Roberto Cicutto, president of the Venice Biennale Photo by Jacopo Salvi. Courtesy of La Biennale di Venezia

A ten-month research project involving 110 students will mark the launch of the Venice Biennale's new "contemporary arts research centre". It is the first step in ongoing efforts to turn the organisation that manages the world's most famous art exhibition into an all-year-round academic hub.

Earlier this year, Roberto Cicutto, president of the Biennale, revealed that the Historical Archives of Contemporary Arts (ASAC)—which conserves posters, catalogues, photos, documents and multimedia from Biennale exhibitions dating back to 1895—would become the focus of rigorous, interdisciplinary research.
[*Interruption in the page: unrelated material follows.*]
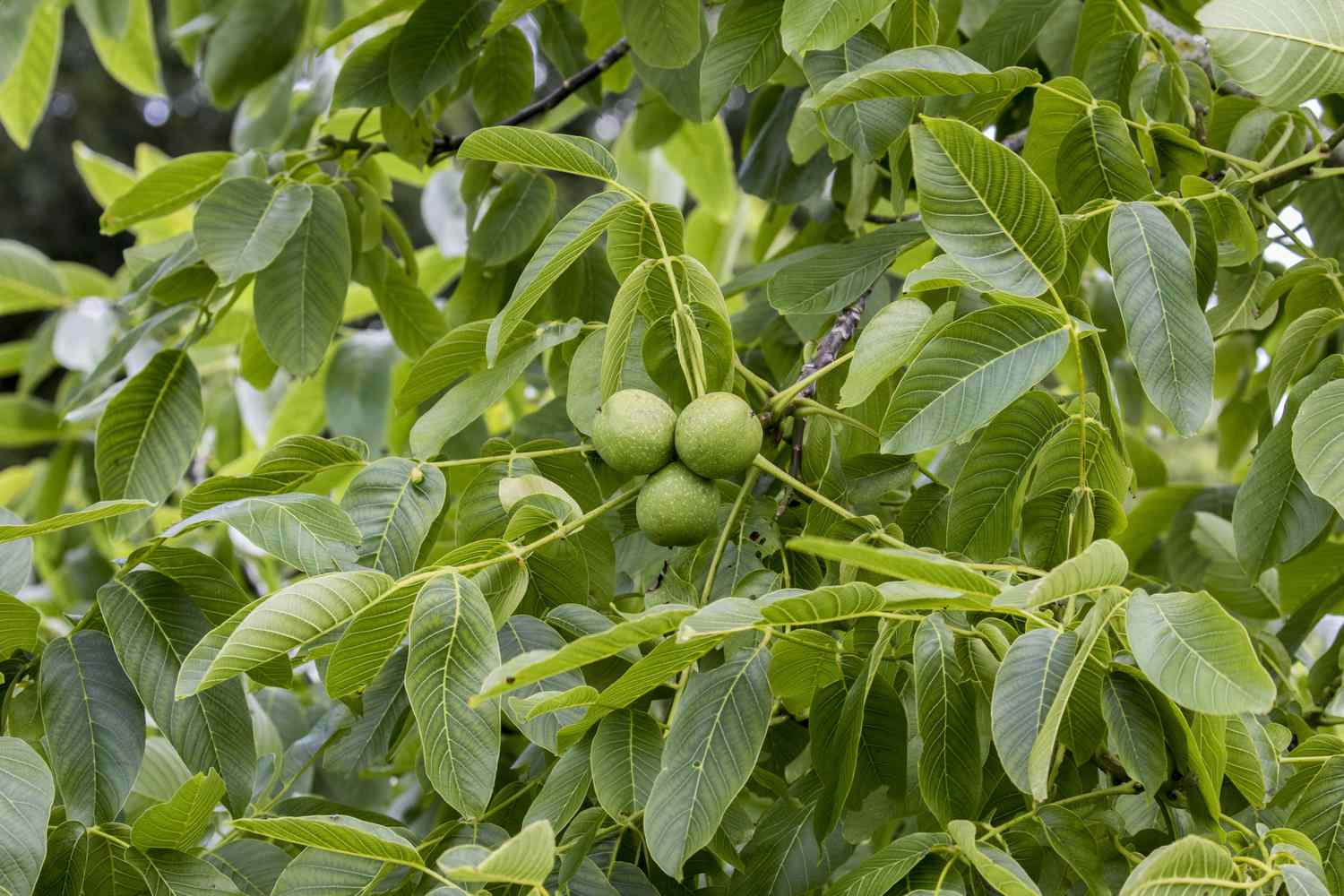 Schwarzwalnuss (Juglans nigra) belaubter Zweig mit Früchten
This, he argued, could draw academic excellence to Venice, transforming the city into a global leader in arts research and diversifying its tourism-oriented economy. 
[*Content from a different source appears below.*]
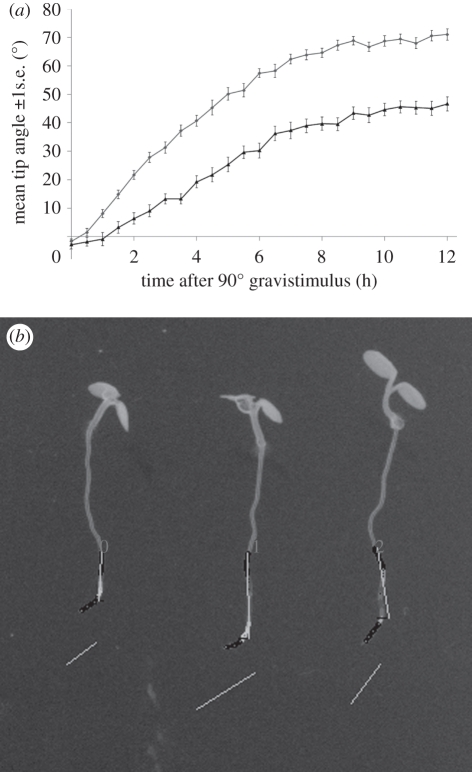 Figure 3.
In the centre’s inaugural project, which was unveiled at the Italian Pavilion at Expo 2020 Dubai on 5 October and will begin next month, students from six Italian higher education institutions will research the life and work of international participants in previous Biennale editions from 1999 to 2020. They will create a database listing the participants’ age, sex, provenance and academic profile, Cicutto tells The Art Newspaper.

This so-called “geographical map”, he says, will facilitate future research into “the role of culture in diverse geographical areas, political settings and economies”.

Students from the participating institutions will be divided into 11 groups and each complete a three-month “apprenticeship”, including one month at the archive’s site in Porto Maghera and two in their own university or college departments. Debora Rossi, director of ASAC, will coordinate the project, with all of the archive’s staff providing organisational support.

The results of the study will be announced in November 2022. In the meantime, Cicutto is already working on future research projects. Research projects will soon be assigned to external coordinators, particularly the curators and directors of the Biennale’s six sections, and the centre will soon start work on a new database cataloguing heritage conserved in Venice’s historic cultural institutions.

The inaugural project will be conducted by students from IULM, Libera Università di Lingue e Comunicazione, Sapienza Università di Roma, Università IUAV di Venezia, Università Ca' Foscari Venezia, the Accademia di Belle Arti di Venezia and the Conservatorio di Musica Benedetto Marcello Venezia. It will help make Venice “a powerful magnet for those who come to Venice as a student, researcher, curator or simply a lover of the arts,” Cicutto predicts.